Autor: Jakub Rusinowski · Ostatnia aktualizacja: 15 czerwca 2026
Mistral AI's second-generation coding specialist released April 2026. The 123B Sparse variant scores 71.6% on SWE-bench Verified — the highest open-source score for code agent tasks at the time of release. Built for agentic software engineering: multi-file editing, repo navigation, and test-driven development. Apache 2.0 licensed.
| Devstral-2 123B | Min 68 GB VRAM · Q4_K_M · 128,000 ctx · ollama run devstral:123b |
| Devstral-2 22B | Min 13 GB VRAM · Q4_K_M · 128,000 ctx · ollama run devstral:22b |
Install Ollama then run: ollama run devstral:123b
Minimum VRAM: 13 GB. For best results use Q4_K_M quantization.
Devstral-2 needs about 13 GB VRAM at Q4_K_M quantization for its smallest variant. Variants: Devstral-2 123B (68 GB, Q4_K_M); Devstral-2 22B (13 GB, Q4_K_M). On Apple Silicon, unified memory counts toward this requirement.

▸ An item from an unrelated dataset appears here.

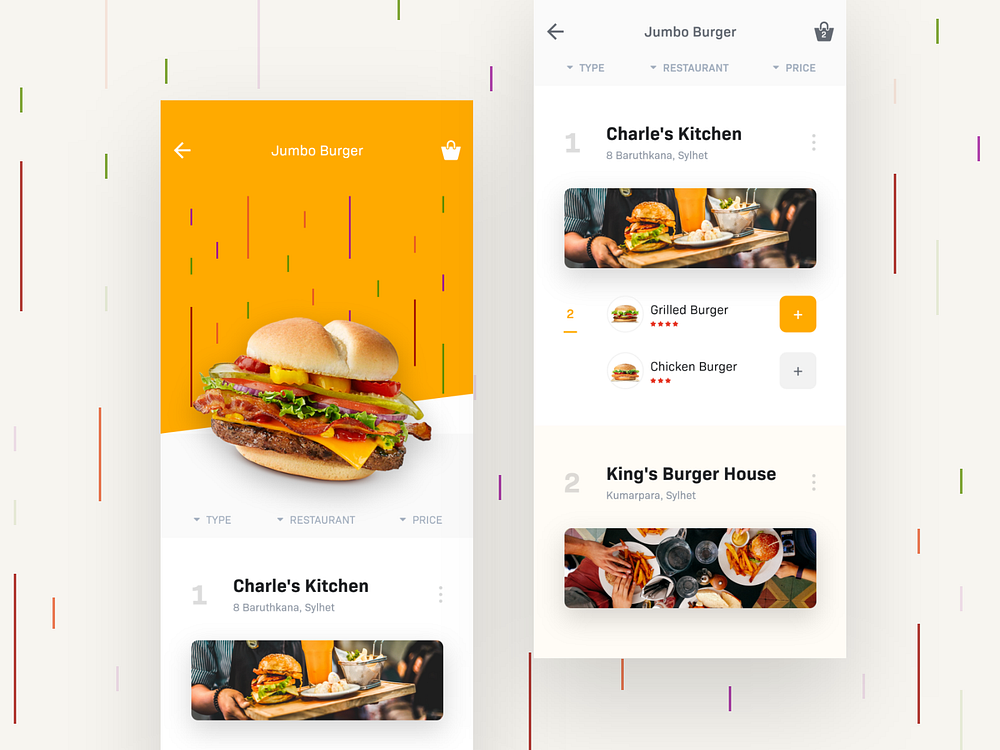 Parachute_Food App by Naskh on Dribbble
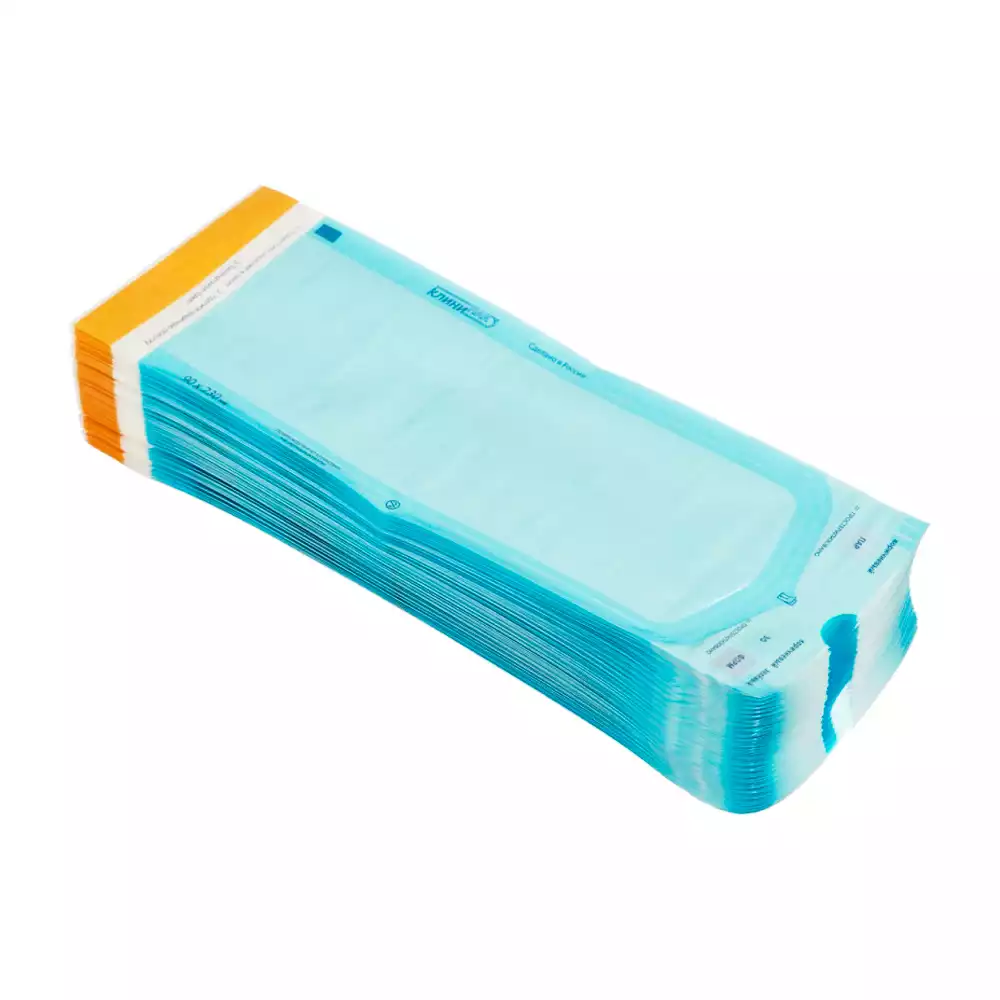 Пакет Клинипак, размер 75*250мм, комбинированный, самозапечатывающийся, упаковка 200шт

Yes — Devstral-2 runs on an RTX 4090 (24 GB) and other 24 GB cards such as the RTX 3090. Smaller variants also fit comfortably on 8–16 GB GPUs at Q4_K_M.
Q4_K_M is the best balance of quality and VRAM for Devstral-2 in most cases. Choose Q8_0 for near-lossless quality if you have spare VRAM, or smaller quants (Q3/Q2) only when memory is tight.
Install Ollama, then run: ollama run devstral:123b. This downloads Devstral-2 and starts a local, OpenAI-compatible endpoint — no internet connection is needed after the initial download.